The Comprehensive Spending Review unveiled today includes a reduction in the higher education budget of £2.9 billion – from £7.1 billion to £4.2 billion – by 2014-15.
The Treasury says in a statement that the Department for Business, Innovation and Skills, which oversees higher education, will “continue to fund teaching for science, technology, engineering and mathematics (STEM) subjects”.
However, no mention is made of other subjects.

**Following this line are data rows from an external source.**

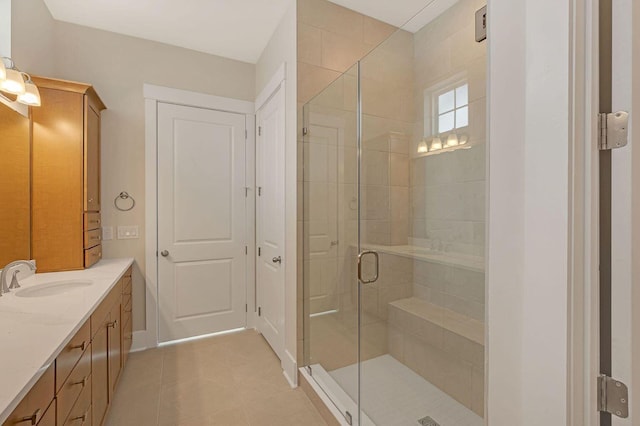 bathroom with vanity, tile patterned floors, and a shower with door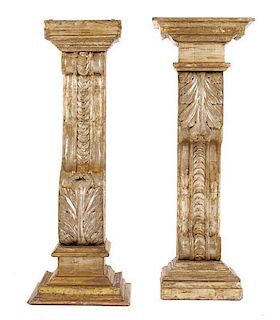 A Pair of Italian Carved, Painted, and Parcel Gilt Corbel Pedestals, Height 52 x width 18 1/2 x depth 12 1/2 inches.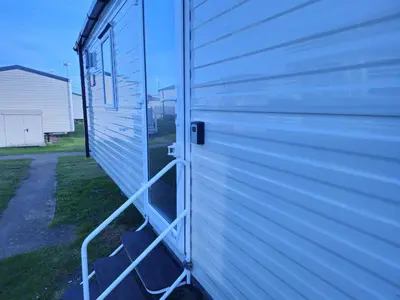 a door on the side of a building at Ultimate serene getaway in East Mersea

Cuts, and types of cuts, that don’t exactly match up to the frequency of positive terms in the above word cloud. On this note I was discussing the Independent Review of Higher Education Funding and Student Finance with a very senior London-based corporate leader the other day and he told me:
Yes, the outlook for UK universities is grim. Given that they are one of the few remaining areas where the UK is world class (and excluding the now tarnished financial sector), even accepting that the government deficit needs to be reduced, I question the rationale for these cuts.
As well put as it could be.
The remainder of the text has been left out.